State Rep. Kathleen Curry caught the brunt of what she described as an unexpected and hostile line of questioning regarding the more environmentally stringent Colorado Oil and Gas Conservation Commission regulations that went into effect in April after the legislature passed them earlier in the session.

“I don’t know if there was an ambush or not,” said Curry. The Democrat from Gunnison thought she was at last Saturday’s meeting to discuss legislation she previously sponsored to protect royalty owner’s rights. “But I have to take responsibility for the steps I’ve taken and the votes I’ve cast [on the drilling regs]. I’ll just be more prepared next time.”

Curry said she had attended a meeting earlier in the day of Battlement Mesa residents concerned about new drilling in the heart of town, and state wildlife and natural resources officials on hand for that meeting had offered to attend the royalty owner’s meeting. Curry, who admitted she hasn’t read the drilling regulations since March, told the officials not to come because she didn’t think the topic would come up.

The regs, in fact, quickly became the focus of the meeting.

“The tone was very hostile, but as a representative I always have to be respectful of the fact that people are often frustrated, and they clearly were with the rules,” Curry said. “Now the meeting before, the Battlement Mesa citizens meeting, that group wanted to see stricter rules, and so the contrast was fascinating.

“You go to one meeting and they say your rules don’t go far enough — because they’re having the drilling in their backyard — and then the next meeting the royalty owners say the rules go too far.”

Curry said the most contentious line of questioning came from Tom Rutledge, senior landman for Laramie Energy, who didn’t identify himself as working for the industry but clearly had an ax to grind regarding the COGCC regulations.

“The regulations are really bad,” Rutledge said by phone Thursday. “They were drafted by environmental attorneys, and the industry was completely ignored. They created a situation that was almost untenable for most operators.”

The oil and gas industry tried to delay implementation of the new rules, which took nearly two years to draft, and have since challenged them in court.

But at Saturday’s meeting in Grand Junction, Rutledge specifically complained the new rules have kept him from developing the mineral rights on land he owns in North Park in Jackson County.

“[The regulations are] so full of requirements, and you’ve got to do this, and if that doesn’t work you’ve got to try to do this, and people are just throwing up their hands, like in the case of my minerals the operator just said they can’t drill them and so basically it was a regulatory taking in my mind,” he said.

“Some people would disagree, but they’re people who aren’t in the industry and are just sitting there on the sidelines making up stories and making up problems because of a political agenda.”

Curry said it was unclear at the meeting how Rutledge’s land was impacted by the regs, but now she assumes he was referring to a restricted surface occupancy area, which prohibits a well pad being placed in the middle of wildlife habitats, like a sage grouse breeding area.

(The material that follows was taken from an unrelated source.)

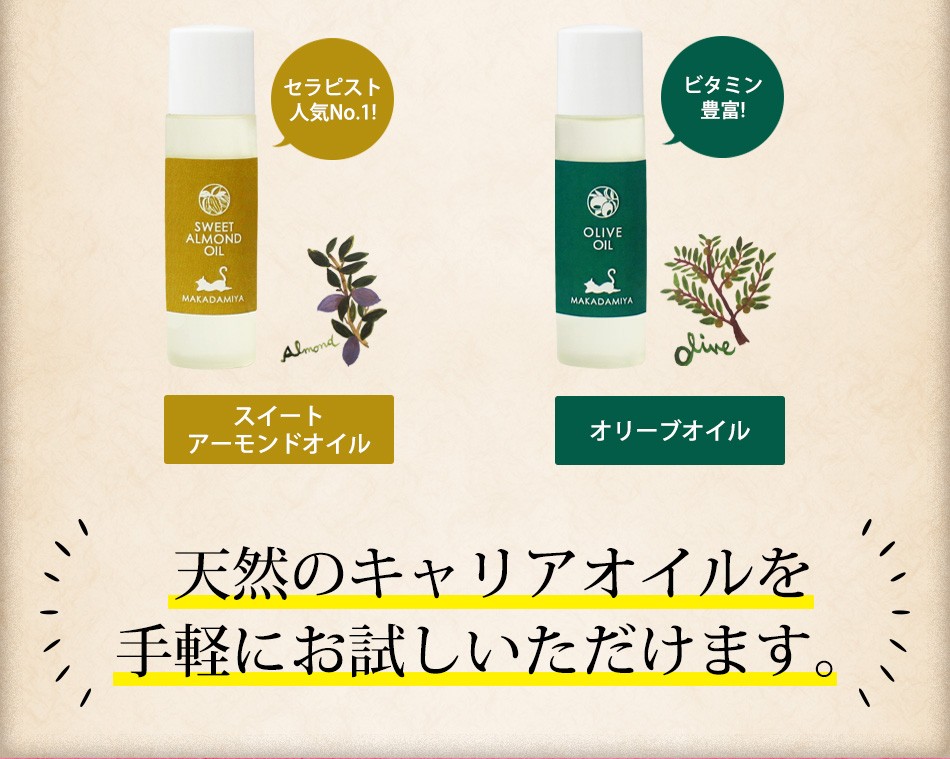 天然のキャリアオイル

The new regs require the Division of Wildlife to be consulted and all economically and technically feasible alternatives — such as placing the well pad away from the lek and using directional drilling — to be pursued. An appeal can be filed if those alternatives aren’t feasible.

Curry, who runs cattle and is a co-owner of Tomichi Creek Natural Beef, said lawsuits filed to compel the listing of sage grouse under the Endangered Species Act make staying out of the bird’s breeding ground critical to ranchers.

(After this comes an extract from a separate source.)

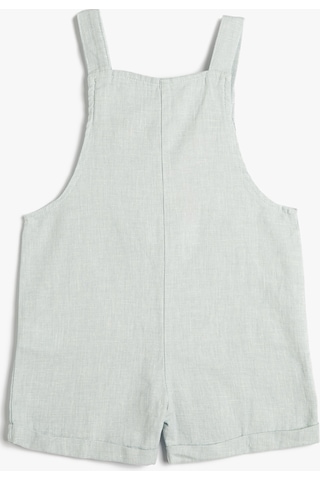 Koton Keten Tulum Şort Kanguru Cepli Gri 3smb40058tw 3SMB40058TW049 Gri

“If we lose the grouse, the whole ag industry loses, so that’s a property right issue too,” Curry said. “Why should we be subject to the new restrictions for the grouse because an adjacent landowner insisted on destroying their habitat?”

Rutledge said he was just trying to engage Curry on the issues in an open public forum but is now the target of “lies passed around by the enviro-bloggers. I just kind of need to get away and let this thing kind of cool down so I can do my job again. It’s just been very difficult to go through.”